There’s no doubting that the ‘hawks’ on the Committee will continue to vote for a rise however it’s a question of whether the other members feel strongly enough to act now, rather than perhaps hanging on a month or two to see how the data (and the UK economy) continues to react.

From a mortgage perspective, again the mood music of an impending rate rise should be working firmly in advisers’ favour, especially when it comes to convincing existing borrowers that now is the time to remortgage, especially if they’re currently sitting on SVRs and are able to meet and jump over the affordability obstacles placed before them.

Recent data from Moneyfacts suggested that average mortgage rates are on the rise – up 0.25% in the last month alone, perhaps in anticipation of that MPC decision. It’s interesting to note that lenders tend to jump before they are pushed when it comes to rates, and that heavily trailed increases in BBR often act as the catalyst for lenders to make rises to rates rather than act once the MPC have made their minds up.

From a PR perspective this tends to mean that these lenders don’t get lumped in with those who react post-rate rise even though they’ve still increased rates just a few weeks earlier.

Moneyfacts say the average two-year fixed-rate mortgage is now priced at 2.5% - that’s across all LTVs presumably because clearly there are better deals to be had at lower LTVs – which is the highest level for almost two years and perhaps provides a compelling story for advisers to use to convince existing borrowers to act now before they rise even further.

One wonders too if lenders won’t be too displeased at this opportunity to increase rates, especially in the mainstream residential space where competition is incredibly heated, and I suspect margins have been very tight for some time. At certain points over the last couple of years we have seen two-year rates sub-2%, even sub-1% from some, and for those who can maintain their cost of funds there will be a benefit to inching up rates and improving that margin.
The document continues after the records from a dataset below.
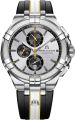 Maurice Lacroix Aikon Tide Mens Watch Rubber Strap Waterproof Quartz Smart Watch for Men Sports Reloj Hombre Luxury AAA Clock. 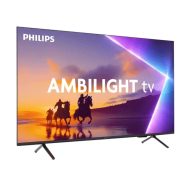 PHILIPS Ambilight TV | 55" | 4K | QLED | 55PUS8510/12 6 A 55PUS8510 12 1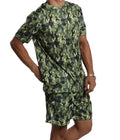 Camouflage Men's Co-Ord Set#17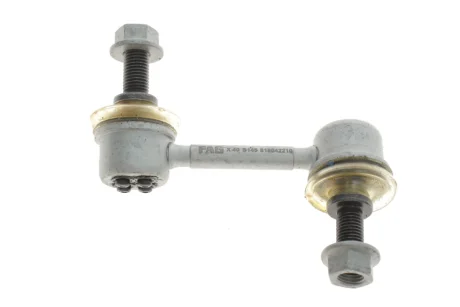 Стійка стабілізатора передн прав 80mm HONDA ACCORD VII 2.0-3.0 09.02-05.08 FAG 818 0422 10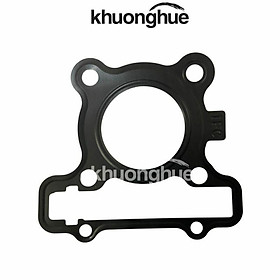 Gioang quy lát, Ron đầu xilanh xe Sirius Fi chính hãng Yamaha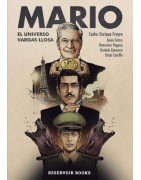 Mario. El universo Vargas Llosa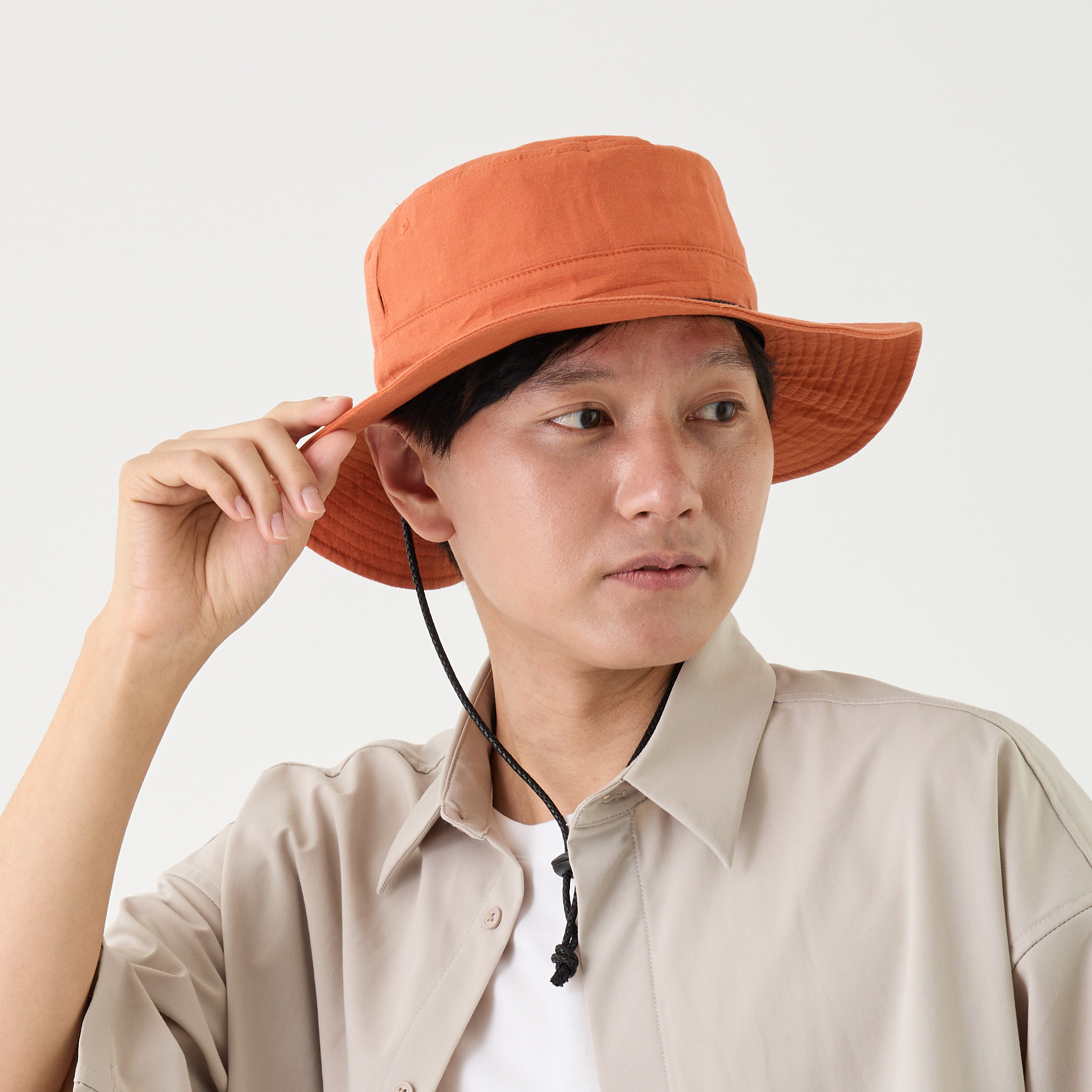 【公式】コカゲル マシンウォッシュ アドベンチャーハット / 帽子専門店 ATRENA(アトレナ)オンラインストア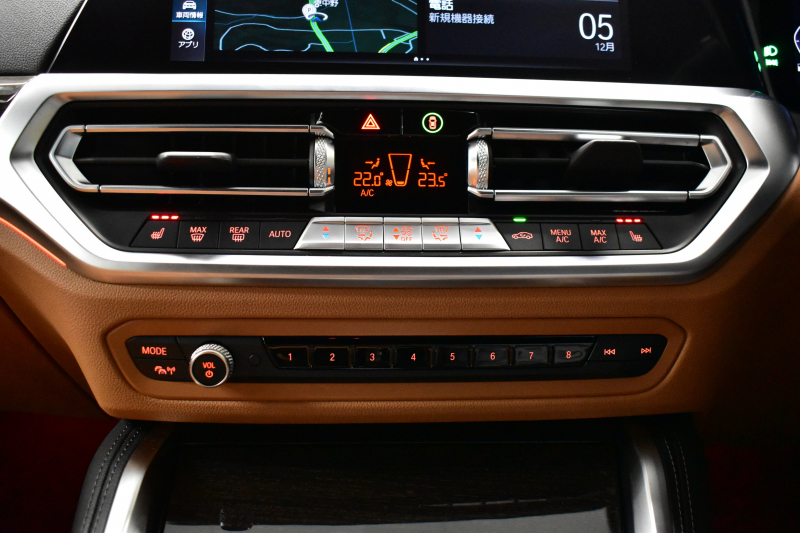 BMW 4シリーズ 420i ｸﾞﾗﾝｸｰﾍﾟ Mｽﾎﾟｰﾂ Mｽﾎﾟｰﾂｼｰﾄ&ﾌｧｽﾄﾄﾗｯｸ&ｻｳﾝﾄﾞ&ｺﾝﾌｫｰﾄP ﾋｰﾀｰ付茶革 19AW 可変Mｻｽ LEDﾍｯﾄﾞﾗｲﾄ ﾗｲﾌﾞｺｯｸﾋﾟｯﾄ Pｱｼｽﾄ+ 全周囲ｶﾒﾗ LCW Apple Car Play ﾌﾙｾｸﾞ harman/kardon 電動Rｹﾞｰﾄ 2年保証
Advisers will recognise this is a crucial time for those clients who wish to ‘get in’ before rates rise further, and after a decade in which rates have been historically low, the increase in mortgage costs will be a new experience for many who might have got into the mindset that 0.25/0.5% BBR was ‘normal’. Indeed, this marks again a further step along the road to a ‘new normal’ which, depending on who you believe, could be back to the 2-3% mark over the course of the next 18-24 months.

We should also not forget that lenders will be working overtime in order to retain existing customers on product transfer rates, and advisers have a challenge to accept in terms of convincing those clients to use their services rather than opt for the tick-box product switch that lenders are going to be offering them. The message has to be, ‘Check with me’, before you go ahead because not only can you access those deals if they are the most suitable but you also can scour the rest of the market for better products.

Our obsession with BBR is not going away anytime soon and the headlines will be dominated by the decision over the coming couple of weeks – make sure you make the most of this and ‘piggyback’ your marketing messages around it, in order to leave clients in no doubt about who they should be contacting for quality advice.